I lost all ability to take care of my home. The trash didn’t go out for weeks at a time, the dishwasher never ran, frightening amounts of general detritus piled up on my kitchen and bathroom counters. I did get the laundry done every weekend, but that was only because I needed clothes for work. Everything became too overwhelming because all my mental spoons and energy were put into constantly working.
The extra screwed up part is the fact that I couldn’t stop.
Once the extra work was taken off of me and I was back to a normal 40-hour-a-week schedule, I had trouble adjusting back. I was still getting up early, trying to be at the office by 8am instead of my scheduled 8:30. I didn’t take a lunch break again for a week until my boss told me I had to and I still forgot most days until after 2pm – although I did start to feel hungry again. When I got home in the evenings, I couldn’t relax because I felt like I was supposed to be doing something, but my brain was trying to wind down at the same time, so I would just sit for hours in a kind of paralyzed soft anxiety, unable to relax or be productive. Since I couldn’t “switch off” my brain until about 9pm, I was still staying up too late and not sleeping well.
The cause of the stress was gone, but the stress itself was still there. I’d gotten stuck in that mode and I couldn’t break out. Autistic inertia, I suppose.
One thing that helped was my birthday weekend that literally took 3 days. This was not restful in the slightest, but it broke me out of the cycle of constant work thoughts. Instead, I thought about seeing my friends, drinking stupidly large drinks, and geeking out with my fellow nerds. A good geek rant does a lot of good for my brain – it’s like a well-paced workout. And positive socializing with loved ones I hadn’t seen in almost 2 years was good for my heart, which had begun to feel very alone and despondent.

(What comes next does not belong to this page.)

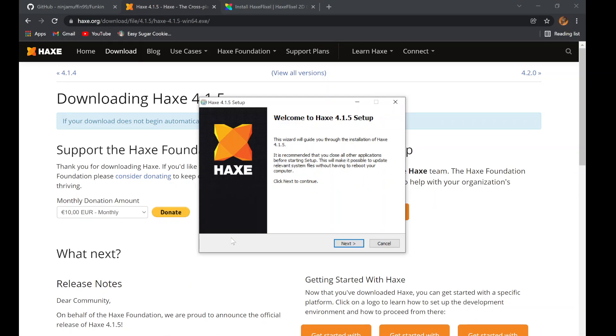Once you launch the .exe file, follow the guide to install Haxe. It should be super simple.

I’m hopeful that this long holiday weekend will help some more. I plan to do some housecleaning so I no longer feel like I live in the aftermath of a tornado and spend a couple of days working on some personal projects I haven’t been able to spare a thought for in the last two months. Sometimes a deep dive into a special interest is the best tonic for overwrought nerves. With any luck, when I go back next week I’ll be able to pace myself, keep a more regular sleep schedule, and remember to eat real food every day.
I don’t expect to be “recovered” by next week, though. Recovery from burnout, or even just getting up to the edge of it, requires significant time without stress. I’m only just getting to the part where I can begin to recover: the unsustainable workload is gone, and because of that I can eat again, I’m beginning to sleep a little more, and I feel like I have a little breathing space. The worst stressors are easing, but now I have to play catch-up to get back to baseline where I can write and wash the dishes and cook and take out the trash along with everything else. Once I reach that baseline again, I can start the actual recovery. It takes time, and any small momentary crisis will set me back a little bit – a two steps forward, half a step back kind of thing. But, barring any huge calamity or new prolonged stress, I will get there.
Have you been through a burnout? How did you recover and how long did it take? Did you have a partner or family members supporting you or did you have to do it alone? Do you have any tips for heading off a burnout when you can see it coming? How about helpful hints to speed recovery?